Il turismo è un asset sul quale la Regione sta puntando in maniera importante, dal lancio del brand Let’s Marche alla promozione all’estero. Quali sono gli obiettivi per il 2024?

"Anche sul turismo registriamo dati positivi. Nel 2022 abbiamo registrato il dato record assoluto di turisti nelle Marche, numeri che tengono anche in questa stagione, con un aumento importante di turisti stranieri. Stiamo lavorando per promuovere le Marche su molti circuiti diversi e all’estero, per conquistare fette di mercati nuovi e di prossimità. Anche l’aeroporto ha registrato nel 2023 il secondo migliore dato di sempre relativo ai passeggeri. Rivendico l’importante risultato dell’ottenimento dei voli di continuità su Roma, Milano e Napoli, servizio pubblico per i marchigiani e le imprese, che accorcia le distanze dai principali hub. Allo stesso modo con l’Atim intendiamo sostenere e accompagnare i processi di internazionalizzazione specie delle realtà più piccole, che compongono gran parte del nostro tessuto imprenditoriale, rendendo sempre più competitiva l’eccellenza del made in Marche negli scenari internazionali".

Marche: cultura, talento, arte, ambiente ed enogastronomia.

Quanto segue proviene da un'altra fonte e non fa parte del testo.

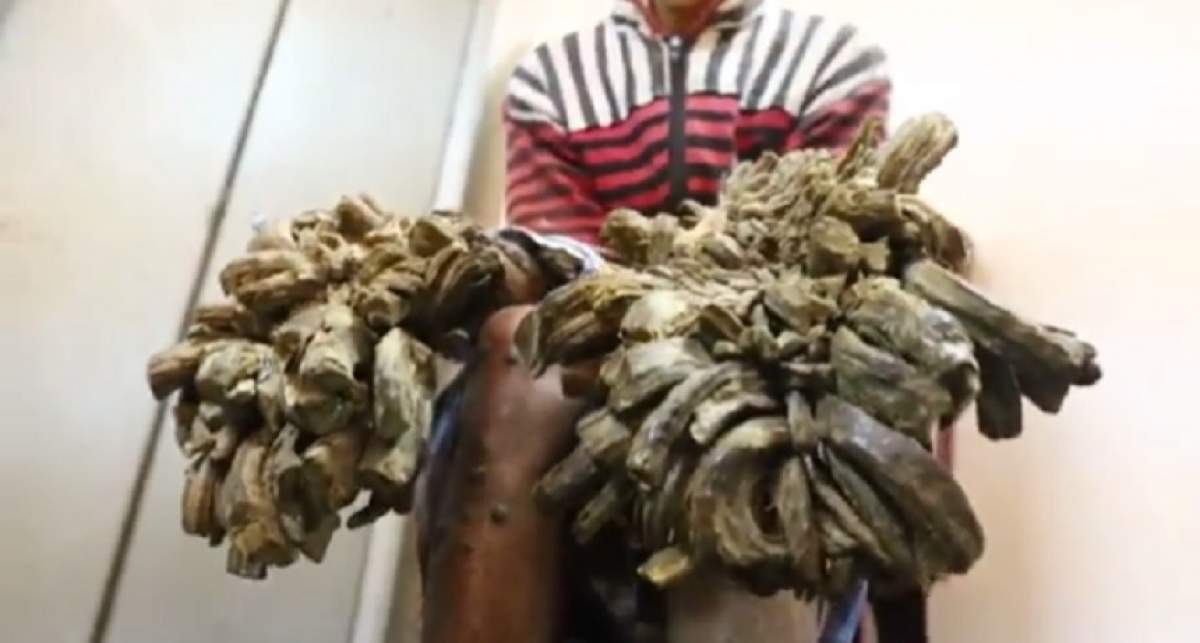 VIDEO / Șocant! Are crengi în loc de mâini. Un bărbat suferă de "boala omului-copac"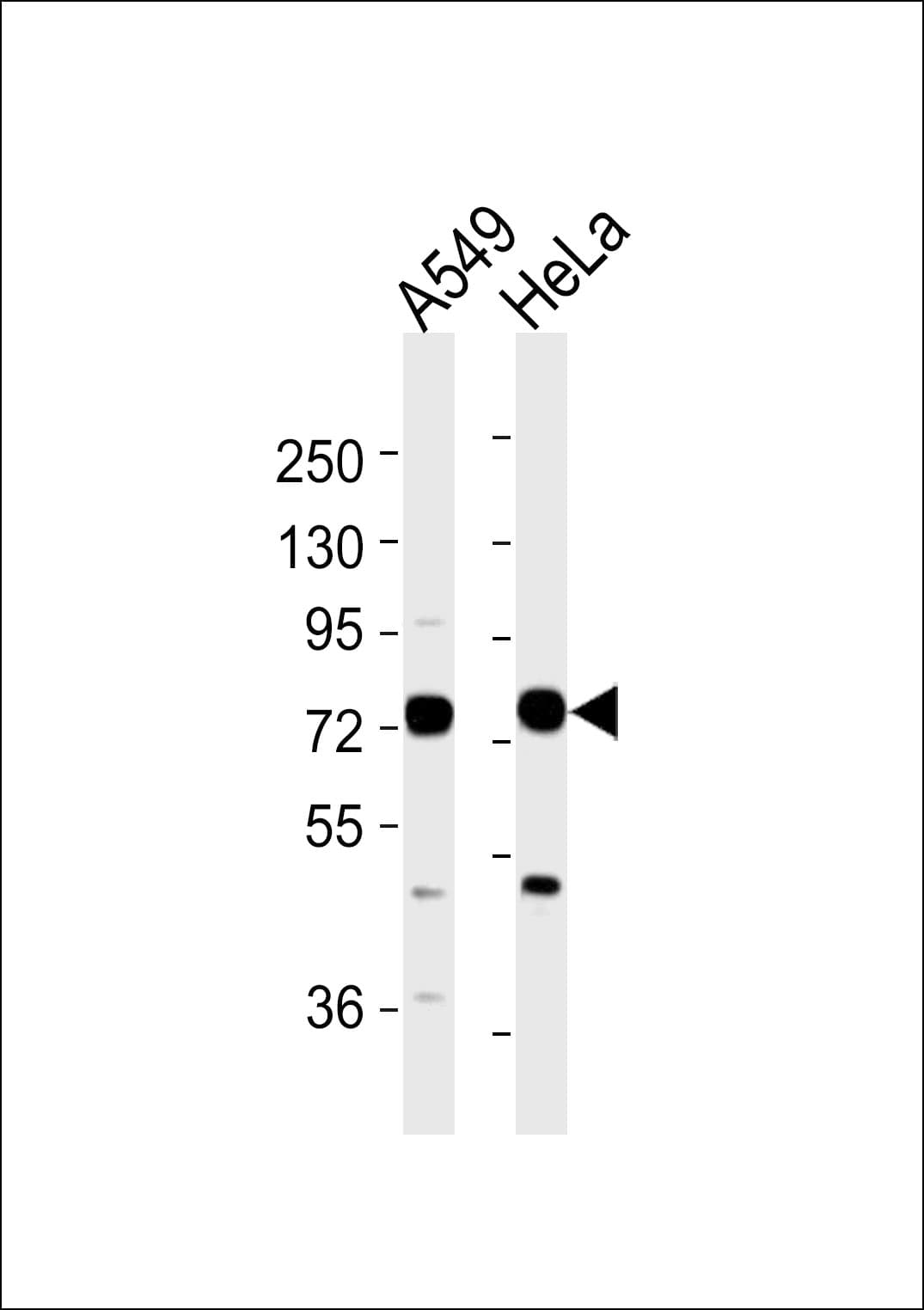 Polyclonal Rabbit anti-Human HKR1 Antibody (WB)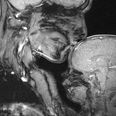 This Mama /Baby MRI Scan Shows The Fragility Of Human Life
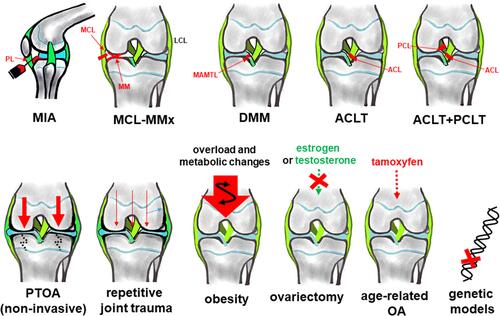 Figure 2 Most commonly used OA in vivo models. In vivo models are either established in the knee joint by application of MIA through the patellar ligament (PL) or other destructive agents (eg tamoxifen for age-related OA) which directly affect joint cartilage integrity or by creation of instability due to ligament transsection, meniscus injury or even removal. Except for MIA (sagittal) frontal views of the knee joint are depicted. OA induced by repetitive loading: by cyclic tibial compression. Joint overload by obesity. Ovariectomy impairs bone- and chondroprotective estrogen. Application of tamoxifen induces age-related OA.Citation87 The image was created by G. Schulze-Tanzil using Krita 4.1.7 Software.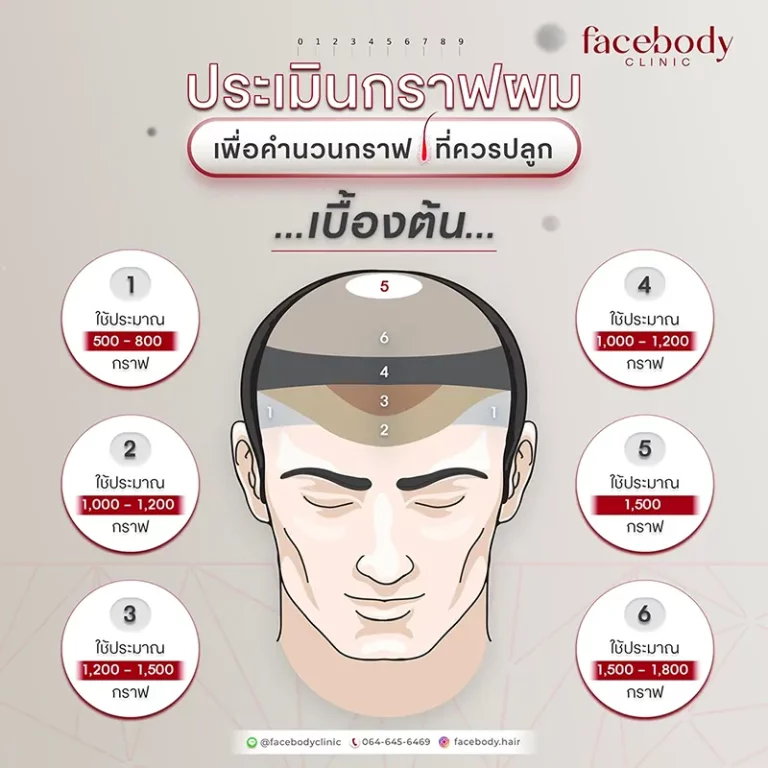 ประเมินกราฟผม บริเวณที่ปลูกผม
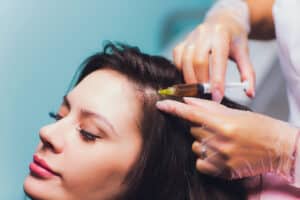 A woman getting a PRP injection in her scalp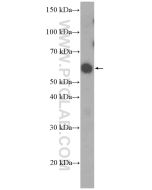 PAX7 Polyclonal antibody proteintech 20570-1-AP
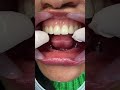 Capture de la vidéo Acrylic Dental Prosthesis Vs. On Implants #Viral #Dentist #Mrdent #Smile #Smiledentist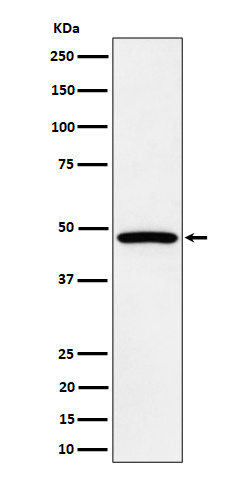 1 - Anti-PTPN2 Rabbit Monoclonal Antibody ABO16187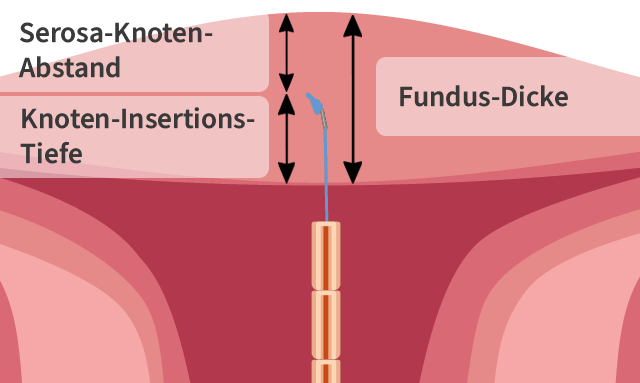 gynefix_fundus_deutsch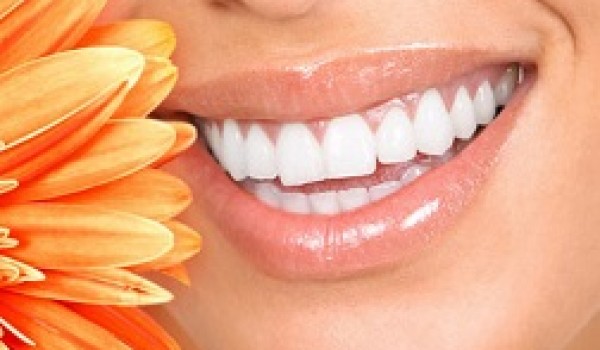 Những trường hợp không nên tẩy trắng răng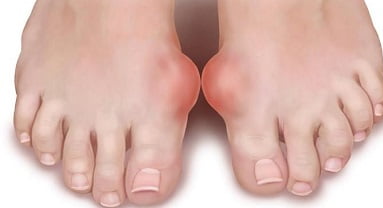 Артрит стопы фото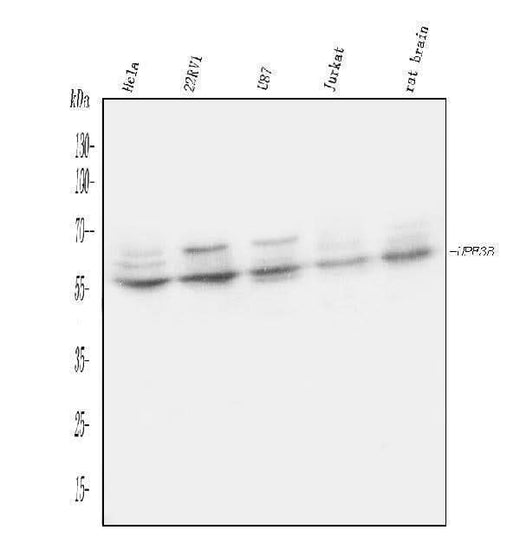 Anti-UPF3B/RENT3B Antibody Picoband® Boster Bio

La grande bellezza e grandi personaggi nella storia d’Italia e del mondo. Come valorizzare questo patrimonio?

"Abbiamo chiuso l’anno rappresentando l’Italia a Parigi per la candidatura a patrimonio Unesco della cucina italiana. E il 2024 si è aperto con Pesaro Capitale italiana della cultura. Le Marche tutte, unica regione plurale, sono terra di culture, talenti, ingegno e da sempre esprimono personaggi che hanno saputo fare la storia. Dalle Marche vengono personaggi come Leopardi, Raffaello, Rossini, Bramante, Mattei, Strampelli, Montessori, per citarne alcuni. Un’eredità che dobbiamo preservare, tutelare e promuovere".